Week 47: From Decision Trees to Ensemble Methods, Random Forests and Boosting Methods

Loading [MathJax]/extensions/TeX/boldsymbol.js

Gradient Boosting, algorithm

Steepest descent is however not much used, since it only optimizes $f$ at a fixed set of $n$ points, so we do not learn a function that can generalize. However, we can modify the algorithm by fitting a weak learner to approximate the negative gradient signal.

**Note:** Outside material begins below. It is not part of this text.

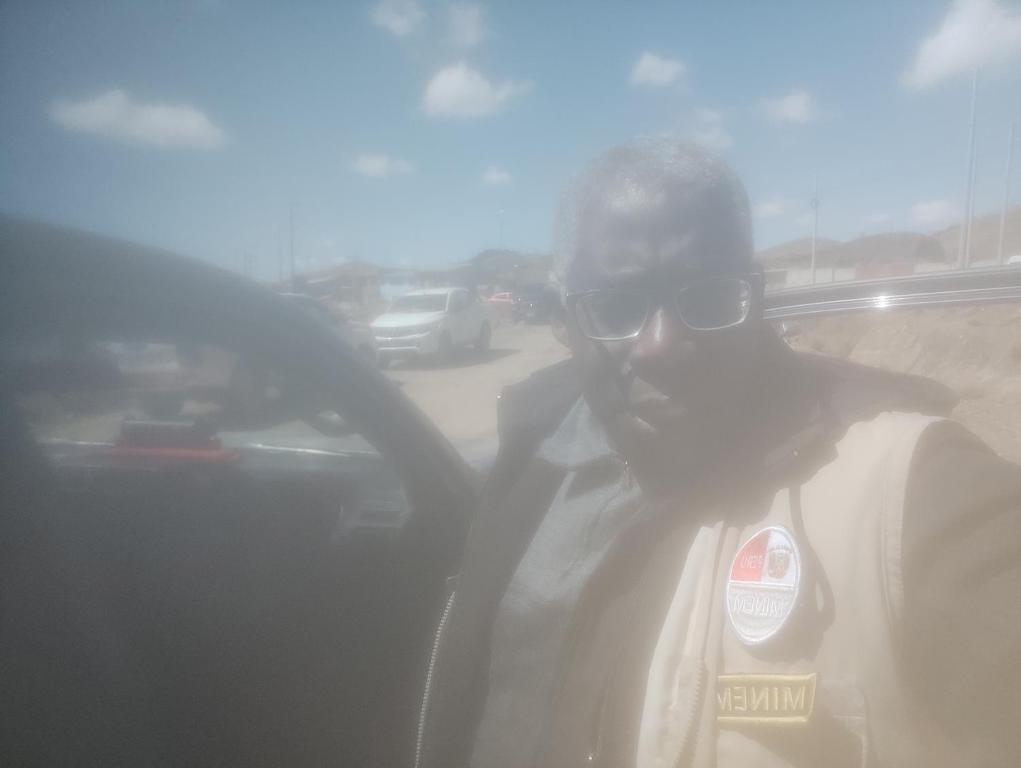 Un hombre con gafas de sol hablando por un teléfono celular en Hotel britania, en Lima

Suppose we have a cost function $C(f)=\sum_{i=0}^{n-1}L(y_i, f(x_i))$ where $y_i$ is our target and $f(x_i)$ the function which is meant to model $y_i$ . The above cost function could be our standard squared-error function

$C(\boldsymbol{y},\boldsymbol{f})=\sum_{i=0}^{n-1}(y_i-f(x_i))^2.$

The way we proceed in an iterative fashion is to

Initialize our estimate $f_0(x)$ .
For m=1:M , we
1. compute the negative gradient vector $\boldsymbol{u}_m = -\partial C(\boldsymbol{y},\boldsymbol{f})/\partial \boldsymbol{f}(x)$ at $f(x) = f_{m-1}(x)$ ;
2. fit the so-called base-learner to the negative gradient $h_m(u_m,x)$ ;
3. update the estimate $f_m(x) = f_{m-1}(x)+h_m(u_m,x)$ ;
The final estimate is then $f_M(x) = \sum_{m=1}^M h_m(u_m,x)$ .